**** RECORDS SHOWN

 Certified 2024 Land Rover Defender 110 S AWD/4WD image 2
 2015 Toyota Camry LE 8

********
**** RECORDS SHOWN

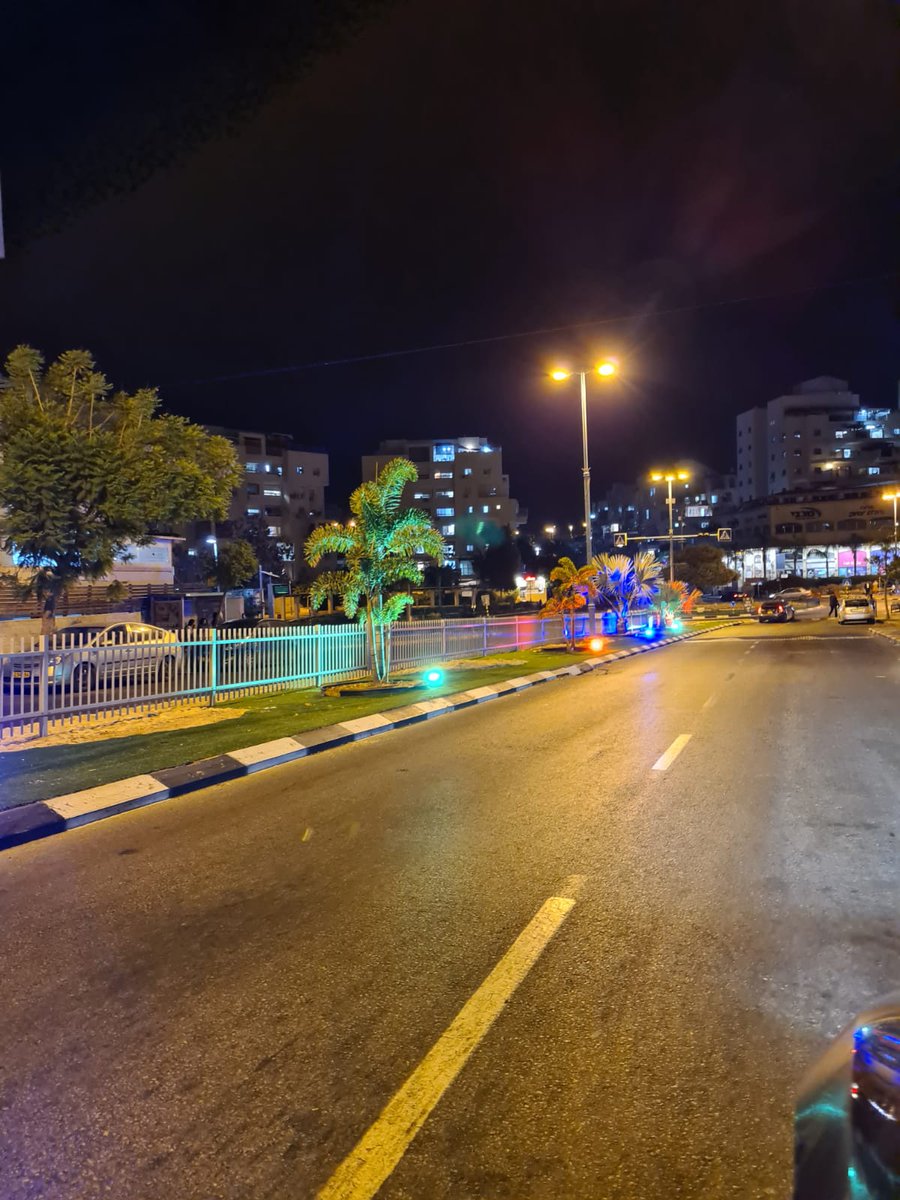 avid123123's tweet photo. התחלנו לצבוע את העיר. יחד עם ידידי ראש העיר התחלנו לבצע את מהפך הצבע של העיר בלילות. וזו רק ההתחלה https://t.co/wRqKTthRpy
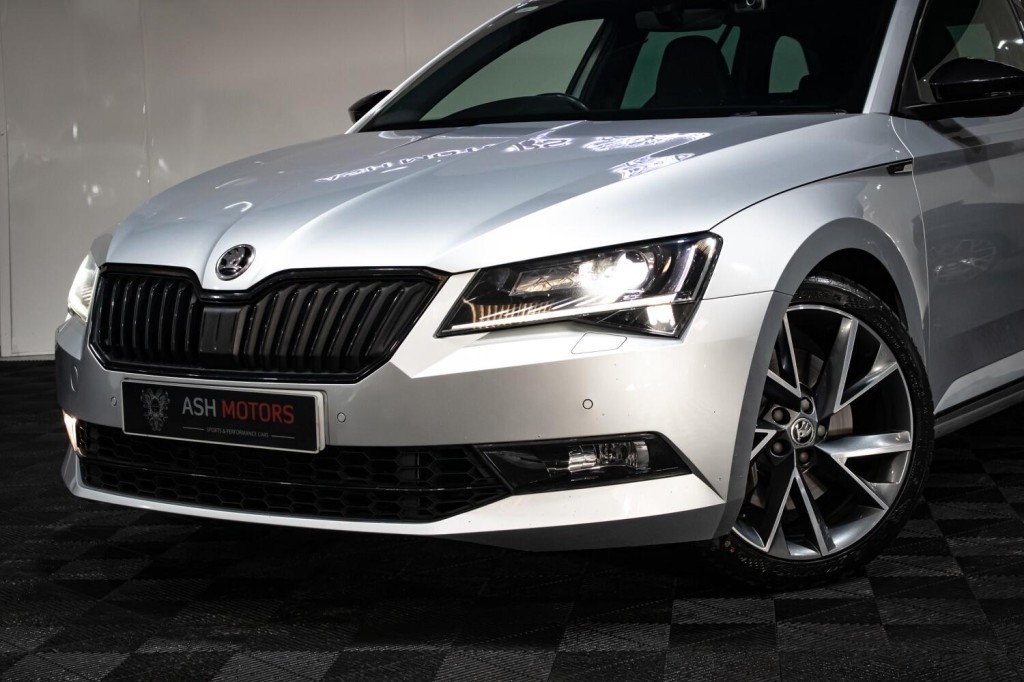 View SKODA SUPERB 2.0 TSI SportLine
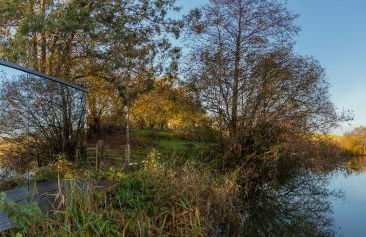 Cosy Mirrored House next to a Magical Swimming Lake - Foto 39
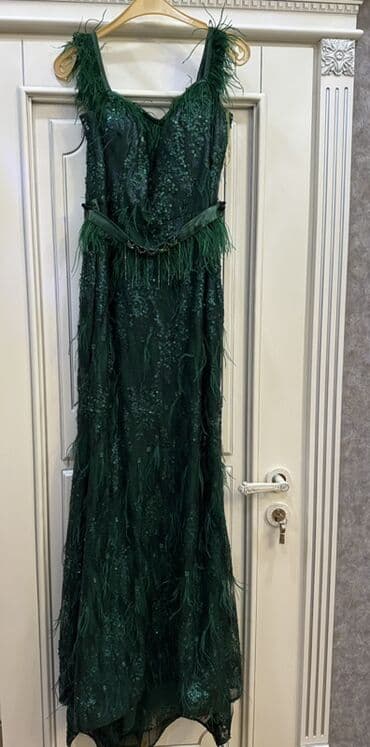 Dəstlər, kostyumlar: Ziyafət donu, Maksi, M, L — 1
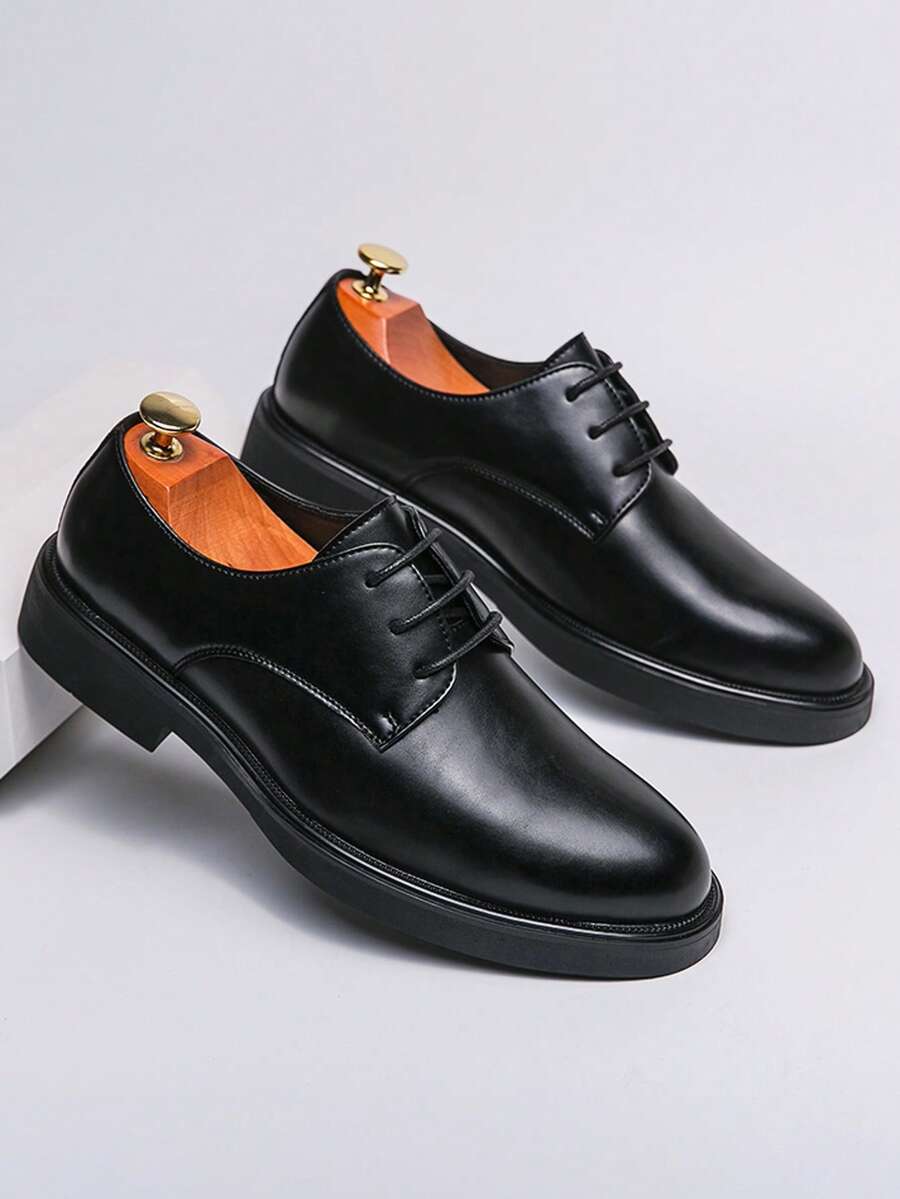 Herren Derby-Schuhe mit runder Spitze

********

- _EXERCISE GOAL_
For the material above, give again only the lines starting at the line that contains "Cosy Mirrored House" and ending at the line that contains "Herren Derby-Schuhe mit runder Spitze". Pictures do not belong in the copy.

- _WRITTEN ANSWER_
 Cosy Mirrored House next to a Magical Swimming Lake - Foto 39
 Dəstlər, kostyumlar: Ziyafət donu, Maksi, M, L — 1
 Herren Derby-Schuhe mit runder Spitze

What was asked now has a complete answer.